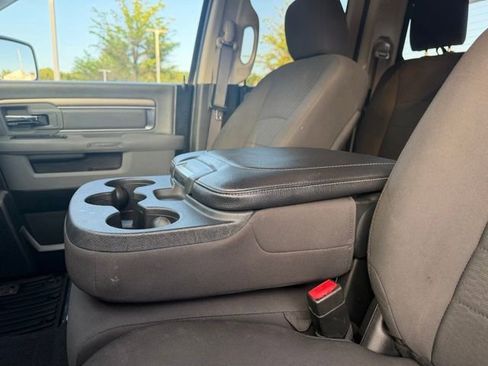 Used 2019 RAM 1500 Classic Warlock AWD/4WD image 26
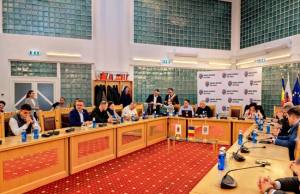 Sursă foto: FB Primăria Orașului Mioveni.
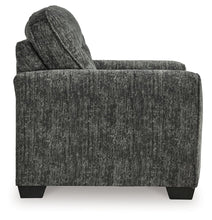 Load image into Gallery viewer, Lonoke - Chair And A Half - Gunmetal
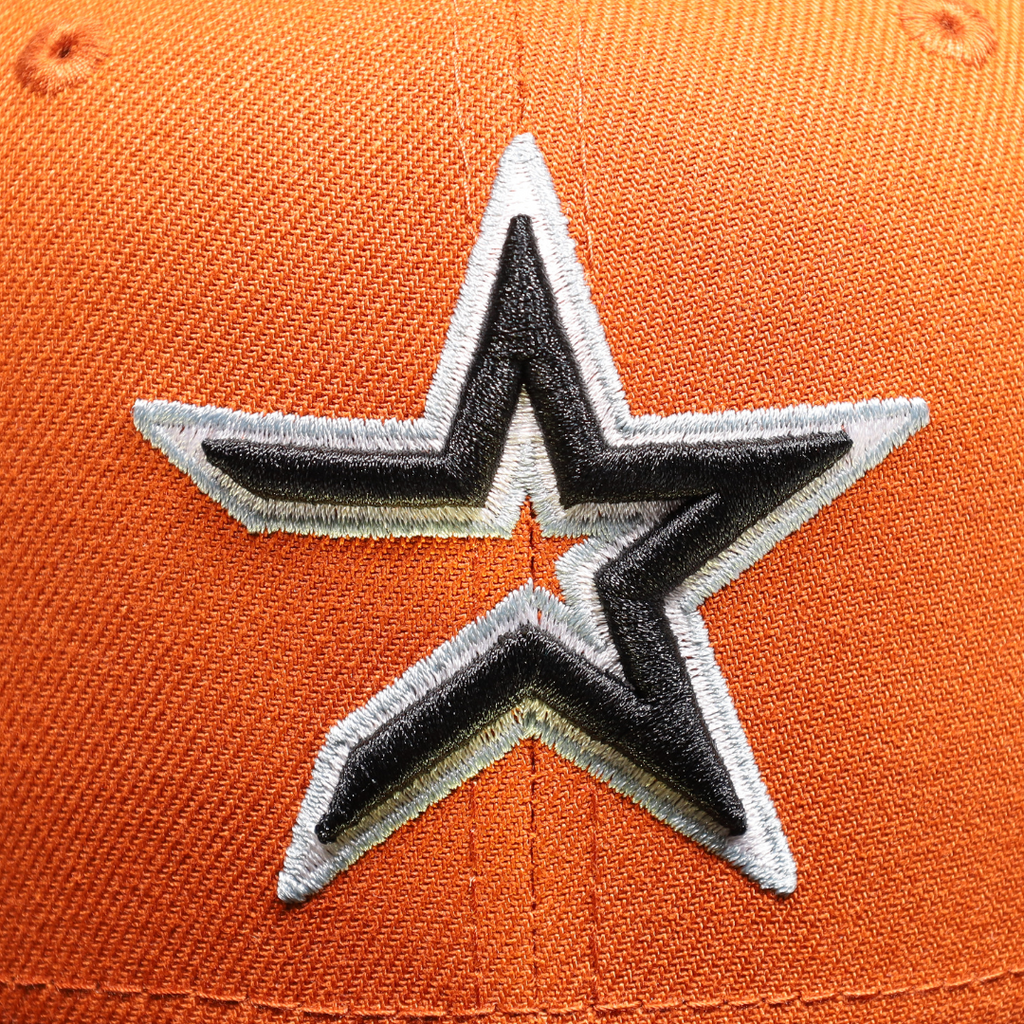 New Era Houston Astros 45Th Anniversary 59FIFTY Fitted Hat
^^^^^^^^
TASK ITEM:
Reproduce exactly, and only, the lines that begin at the one containing "Sursă foto: FB Primăria Orașului Mioveni." and end with the final line of the data, both included, while omitting every picture.

ANSWER BELOW:
 Sursă foto: FB Primăria Orașului Mioveni.
 Load image into Gallery viewer, Lonoke - Chair And A Half - Gunmetal
 New Era Houston Astros 45Th Anniversary 59FIFTY Fitted Hat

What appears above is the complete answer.